§ **Brief descriptive captions**:
★ ★ ★
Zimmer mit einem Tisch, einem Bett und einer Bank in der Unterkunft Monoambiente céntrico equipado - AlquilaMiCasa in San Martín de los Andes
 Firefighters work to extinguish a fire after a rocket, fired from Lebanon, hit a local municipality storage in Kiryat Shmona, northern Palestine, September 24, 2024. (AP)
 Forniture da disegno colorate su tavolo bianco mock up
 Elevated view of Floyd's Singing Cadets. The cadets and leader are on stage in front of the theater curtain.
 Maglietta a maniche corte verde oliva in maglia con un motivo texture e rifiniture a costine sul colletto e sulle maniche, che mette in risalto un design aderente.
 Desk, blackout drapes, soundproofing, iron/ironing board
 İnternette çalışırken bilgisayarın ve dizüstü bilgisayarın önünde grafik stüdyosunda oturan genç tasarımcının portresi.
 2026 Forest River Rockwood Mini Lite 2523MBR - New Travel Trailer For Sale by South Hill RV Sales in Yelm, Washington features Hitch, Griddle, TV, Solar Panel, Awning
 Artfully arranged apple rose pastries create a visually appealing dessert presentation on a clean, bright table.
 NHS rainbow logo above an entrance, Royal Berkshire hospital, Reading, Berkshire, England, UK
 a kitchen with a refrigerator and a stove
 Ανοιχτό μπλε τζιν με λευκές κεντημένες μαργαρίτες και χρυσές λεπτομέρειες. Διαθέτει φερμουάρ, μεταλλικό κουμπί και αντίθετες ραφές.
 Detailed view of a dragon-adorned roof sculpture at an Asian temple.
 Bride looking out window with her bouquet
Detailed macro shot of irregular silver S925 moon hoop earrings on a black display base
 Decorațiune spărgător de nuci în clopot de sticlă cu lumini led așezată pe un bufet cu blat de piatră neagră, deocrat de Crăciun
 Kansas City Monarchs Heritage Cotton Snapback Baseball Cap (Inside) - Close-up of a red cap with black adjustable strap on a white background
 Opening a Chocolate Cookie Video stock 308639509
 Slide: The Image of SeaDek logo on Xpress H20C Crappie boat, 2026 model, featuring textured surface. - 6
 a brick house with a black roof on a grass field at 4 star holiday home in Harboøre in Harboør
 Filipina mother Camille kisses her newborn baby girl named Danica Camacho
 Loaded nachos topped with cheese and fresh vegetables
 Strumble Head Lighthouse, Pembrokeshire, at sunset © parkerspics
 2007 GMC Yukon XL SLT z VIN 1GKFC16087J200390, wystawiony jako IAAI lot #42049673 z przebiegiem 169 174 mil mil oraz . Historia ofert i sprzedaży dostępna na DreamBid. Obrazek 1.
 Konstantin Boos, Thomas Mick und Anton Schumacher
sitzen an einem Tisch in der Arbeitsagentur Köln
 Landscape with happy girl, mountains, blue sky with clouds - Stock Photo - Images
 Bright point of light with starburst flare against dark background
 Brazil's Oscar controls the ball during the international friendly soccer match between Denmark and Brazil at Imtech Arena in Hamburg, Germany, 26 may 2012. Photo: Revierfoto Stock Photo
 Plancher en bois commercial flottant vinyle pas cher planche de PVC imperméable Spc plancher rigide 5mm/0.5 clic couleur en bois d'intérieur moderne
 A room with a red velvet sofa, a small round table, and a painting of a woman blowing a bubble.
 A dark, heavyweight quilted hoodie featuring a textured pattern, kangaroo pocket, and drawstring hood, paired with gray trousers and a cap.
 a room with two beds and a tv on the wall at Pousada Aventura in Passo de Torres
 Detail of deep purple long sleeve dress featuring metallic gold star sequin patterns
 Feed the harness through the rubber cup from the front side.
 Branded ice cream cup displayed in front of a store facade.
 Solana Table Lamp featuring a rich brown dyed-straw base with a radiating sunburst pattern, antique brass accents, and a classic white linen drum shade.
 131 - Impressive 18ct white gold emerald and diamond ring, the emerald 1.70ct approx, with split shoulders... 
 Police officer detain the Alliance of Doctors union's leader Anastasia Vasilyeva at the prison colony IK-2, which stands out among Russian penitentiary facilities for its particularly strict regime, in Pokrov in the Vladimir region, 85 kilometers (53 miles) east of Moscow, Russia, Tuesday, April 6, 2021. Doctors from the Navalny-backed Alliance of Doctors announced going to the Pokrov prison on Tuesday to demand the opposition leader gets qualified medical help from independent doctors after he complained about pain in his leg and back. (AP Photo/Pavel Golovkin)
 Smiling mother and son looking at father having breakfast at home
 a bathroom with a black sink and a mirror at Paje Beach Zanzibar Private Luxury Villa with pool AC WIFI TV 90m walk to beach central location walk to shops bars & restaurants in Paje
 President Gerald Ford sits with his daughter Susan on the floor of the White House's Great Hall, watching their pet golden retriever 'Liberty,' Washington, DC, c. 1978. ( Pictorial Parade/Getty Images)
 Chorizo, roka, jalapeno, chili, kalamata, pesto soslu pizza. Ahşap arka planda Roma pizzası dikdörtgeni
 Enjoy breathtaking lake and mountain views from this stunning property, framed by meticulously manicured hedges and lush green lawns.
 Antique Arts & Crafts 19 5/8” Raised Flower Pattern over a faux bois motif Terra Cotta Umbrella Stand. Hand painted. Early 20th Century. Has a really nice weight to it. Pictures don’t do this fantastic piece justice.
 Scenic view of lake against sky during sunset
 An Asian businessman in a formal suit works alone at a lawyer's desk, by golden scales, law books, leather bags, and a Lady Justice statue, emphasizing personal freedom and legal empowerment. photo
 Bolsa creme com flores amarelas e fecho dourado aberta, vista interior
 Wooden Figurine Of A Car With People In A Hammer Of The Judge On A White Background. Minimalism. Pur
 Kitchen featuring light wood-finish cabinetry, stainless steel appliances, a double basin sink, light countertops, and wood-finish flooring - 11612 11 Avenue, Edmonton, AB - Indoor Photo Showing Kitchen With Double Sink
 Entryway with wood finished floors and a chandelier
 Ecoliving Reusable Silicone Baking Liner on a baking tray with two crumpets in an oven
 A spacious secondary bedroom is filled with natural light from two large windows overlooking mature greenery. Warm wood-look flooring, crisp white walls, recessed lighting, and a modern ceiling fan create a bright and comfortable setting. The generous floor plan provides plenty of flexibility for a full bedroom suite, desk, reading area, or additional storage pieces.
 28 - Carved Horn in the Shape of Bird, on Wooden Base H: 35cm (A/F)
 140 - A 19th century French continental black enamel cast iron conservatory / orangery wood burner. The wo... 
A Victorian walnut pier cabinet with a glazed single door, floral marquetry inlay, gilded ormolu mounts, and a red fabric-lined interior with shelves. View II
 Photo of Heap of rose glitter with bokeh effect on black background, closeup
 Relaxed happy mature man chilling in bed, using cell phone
★ ★ ★
Could you state how many lines in the data hold the word "Asian"? Only the number should be given.

2